Peroxisome proliferator-activated receptor alpha (PPARalpha) potentiates, whereas PPARgamma attenuates, glucose-stimulated insulin secretion in pancreatic beta-cells.

Ravnskjaer K, Boergesen M, Rubi B, Larsen JK, Nielsen T, Fridriksson J, Maechler P, Mandrup S.

Department of Biochemistry and Molecular Biology University of Southern Denmark, Campusvej 55, 5230 Odense M, Denmark.

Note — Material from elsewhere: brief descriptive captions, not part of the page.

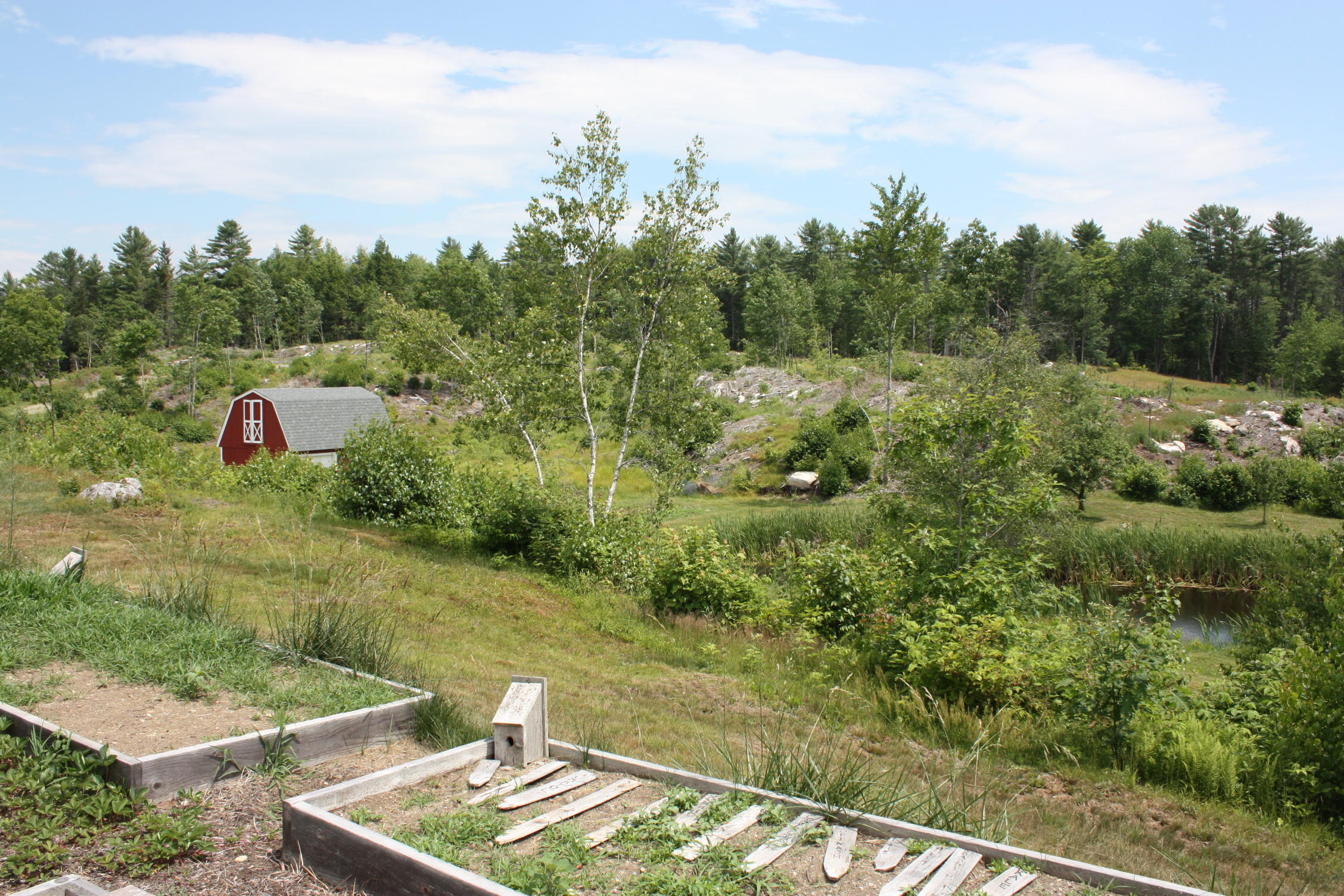 461 Augusta Road Washington, ME 04574 - Photo 49 of 65 IMG_3147 (1)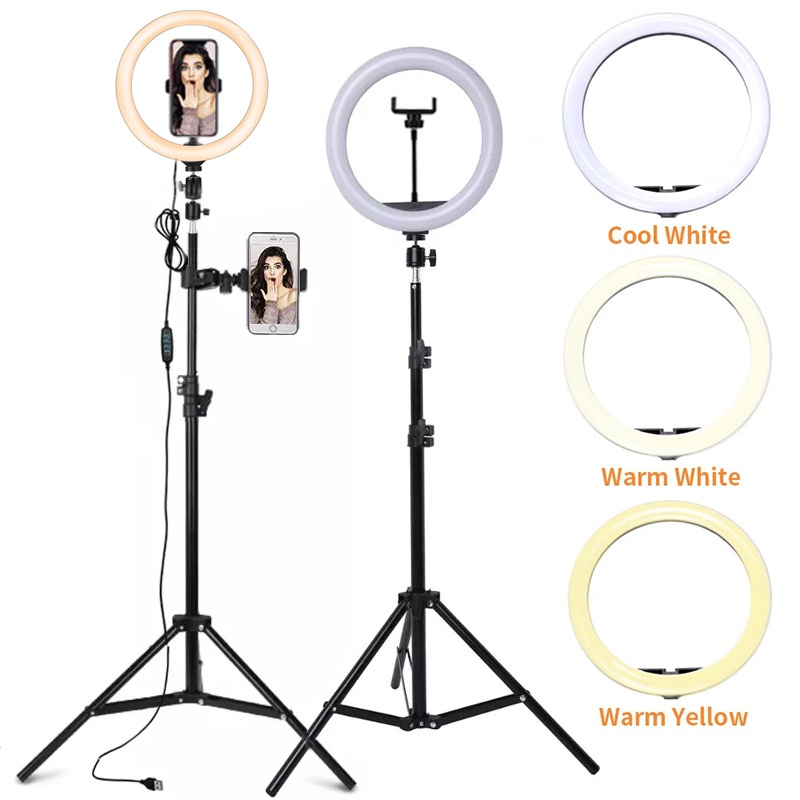 6/10/12 Inch LED Selfie Ring L - Photography Lighting Set Up review and price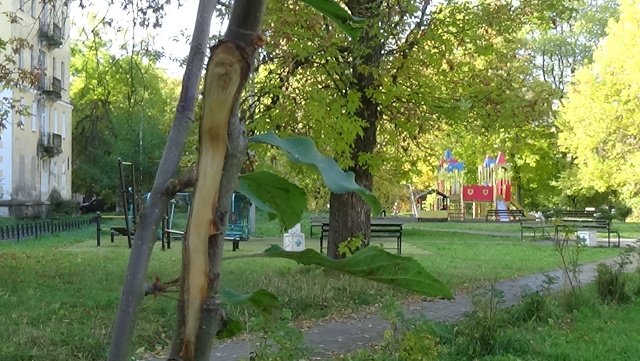 В яблоневом саду на Чайковского вандальные дебилоиды ?...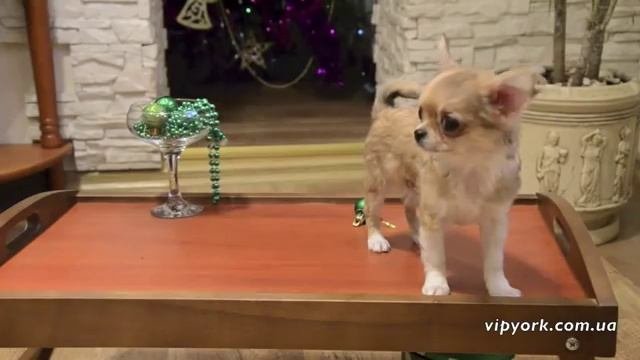 Чихуахуа длинношерстная ( Long-haired Chihuahua )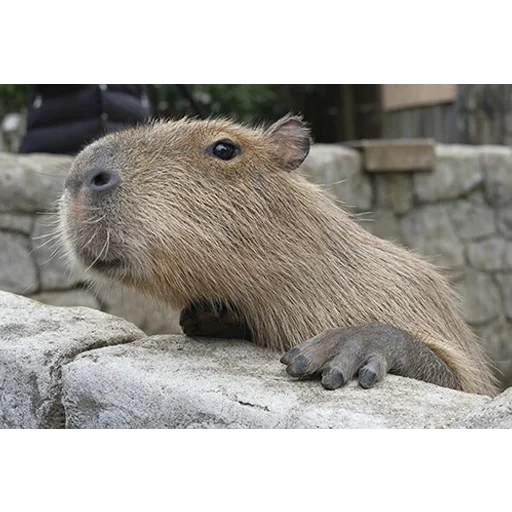 😯 Стикер «Capybara&;s world» для Telegram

Fatty acids (FAs) are known to be important regulators of insulin secretion from pancreatic beta-cells. FA-coenzyme A esters have been shown to directly stimulate the secretion process, whereas long-term exposure of beta-cells to FAs compromises glucose-stimulated insulin secretion (GSIS) by mechanisms unknown to date. It has been speculated that some of these long-term effects are mediated by members of the peroxisome proliferator-activated receptor (PPAR) family via an induction of uncoupling protein-2 (UCP2). In this study we show that adenoviral coexpression of PPARalpha and retinoid X receptor alpha (RXRalpha) in INS-1E beta-cells synergistically and in a dose- and ligand-dependent manner increases the expression of known PPARalpha target genes and enhances FA uptake and beta-oxidation. In contrast, ectopic expression of PPARgamma/RXRalpha increases FA uptake and deposition as triacylglycerides. Although the expression of PPARalpha/RXRalpha leads to the induction of UCP2 mRNA and protein, this is not accompanied by reduced hyperpolarization of the mitochondrial membrane, indicating that under these conditions, increased UCP2 expression is insufficient for dissipation of the mitochondrial proton gradient. Importantly, whereas expression of PPARgamma/RXRalpha attenuates GSIS, the expression of PPARalpha/RXRalpha potentiates GSIS in rat islets and INS-1E cells without affecting the mitochondrial membrane potential. These results show a strong subtype specificity of the two PPAR subtypes alpha and gamma on lipid partitioning and insulin secretion when systematically compared in a beta-cell context.